[Start of Attachment]

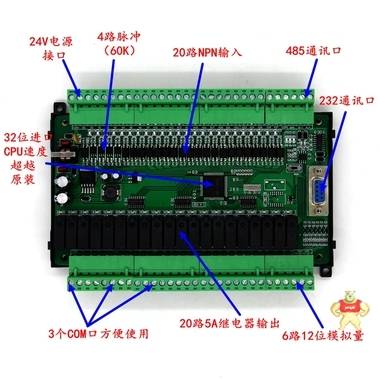 三菱PLC工控板FX1N2N-44MR6AD高速模拟量44点24输入20输出控制器 三菱,PLC,工控板,FX2N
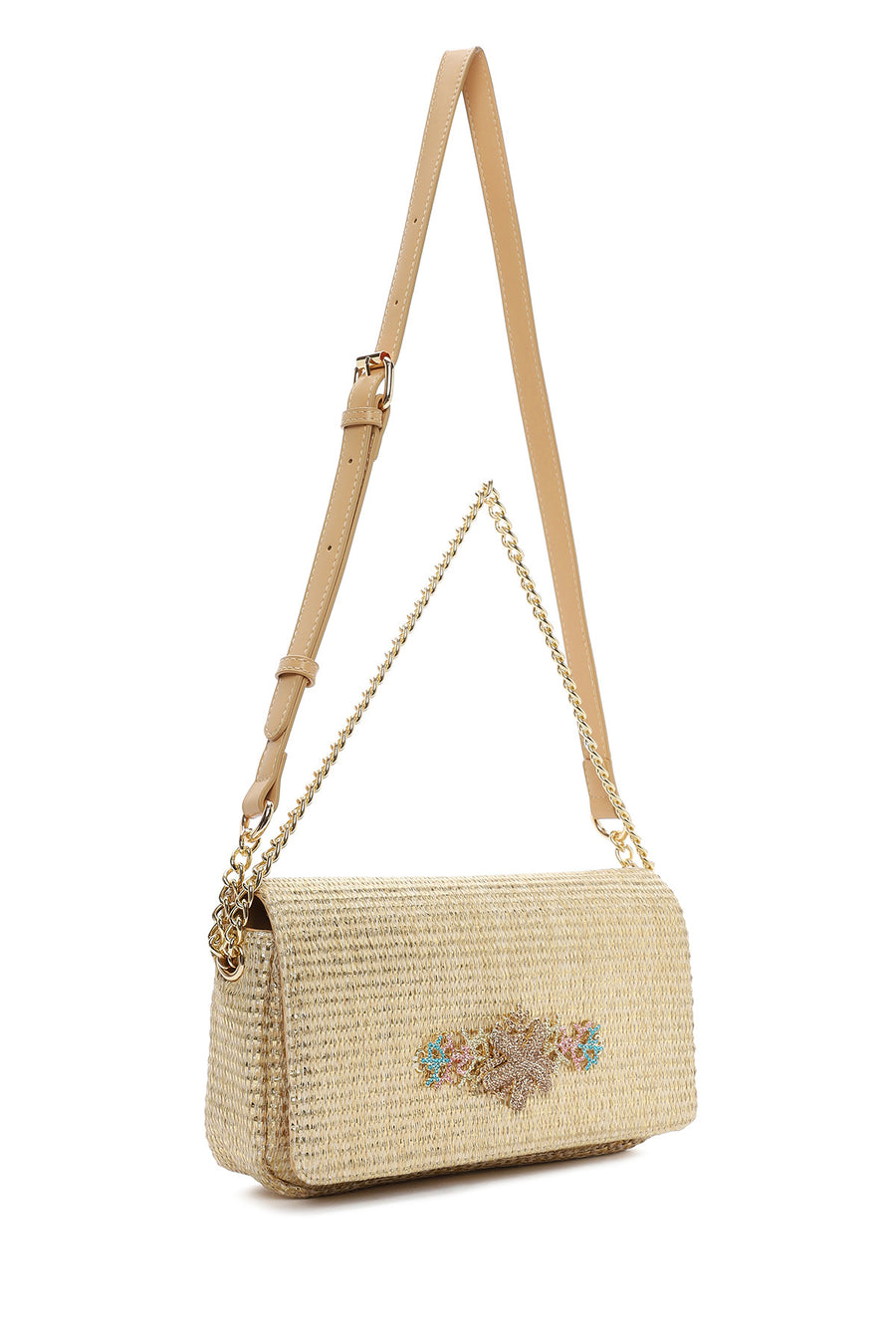 Woman Beige Long Strap Straw Crossbody Bag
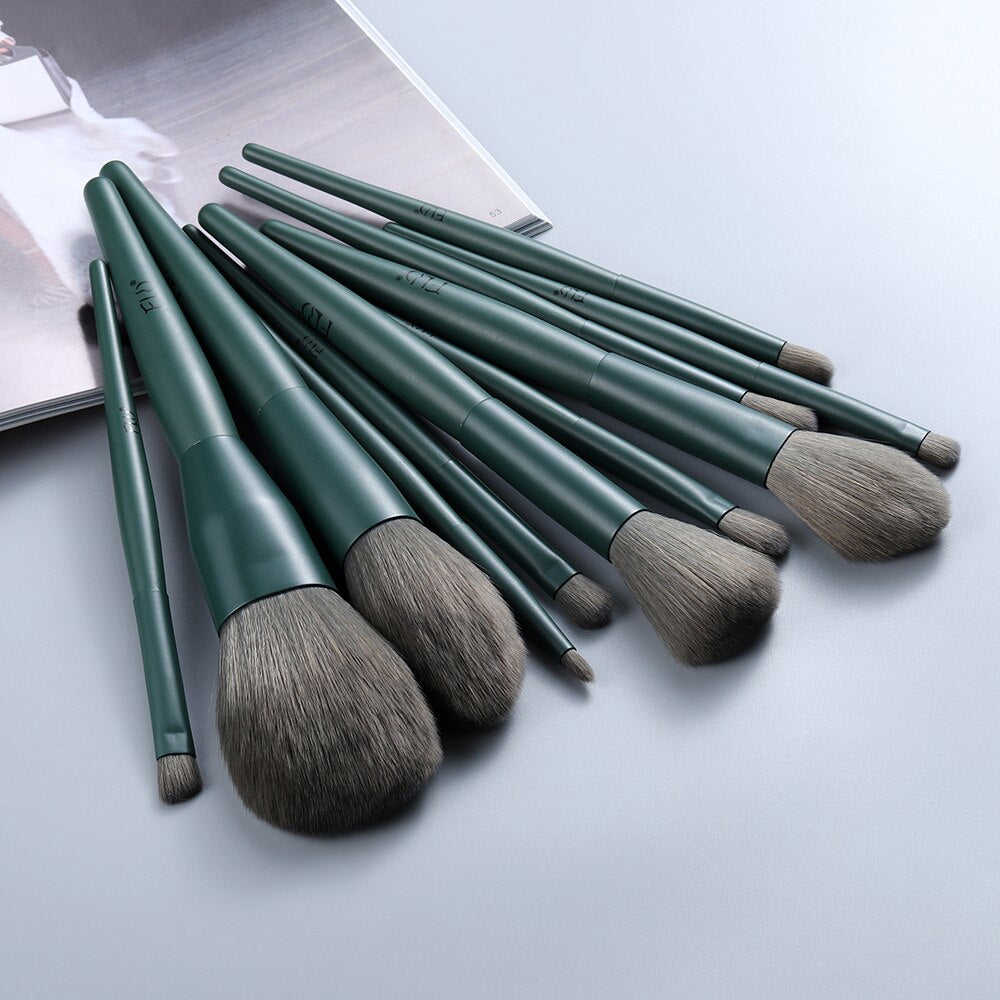 11Pcs Green Makeup Brushes Set - High Quality Cosmetic Beauty Tool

[End of Attachment]

▶ Work to be completed:
The reply must hold every line above exactly as written and none of the pictures.

▶ Task solution:
 三菱PLC工控板FX1N2N-44MR6AD高速模拟量44点24输入20输出控制器 三菱,PLC,工控板,FX2N
 Woman Beige Long Strap Straw Crossbody Bag
 11Pcs Green Makeup Brushes Set - High Quality Cosmetic Beauty Tool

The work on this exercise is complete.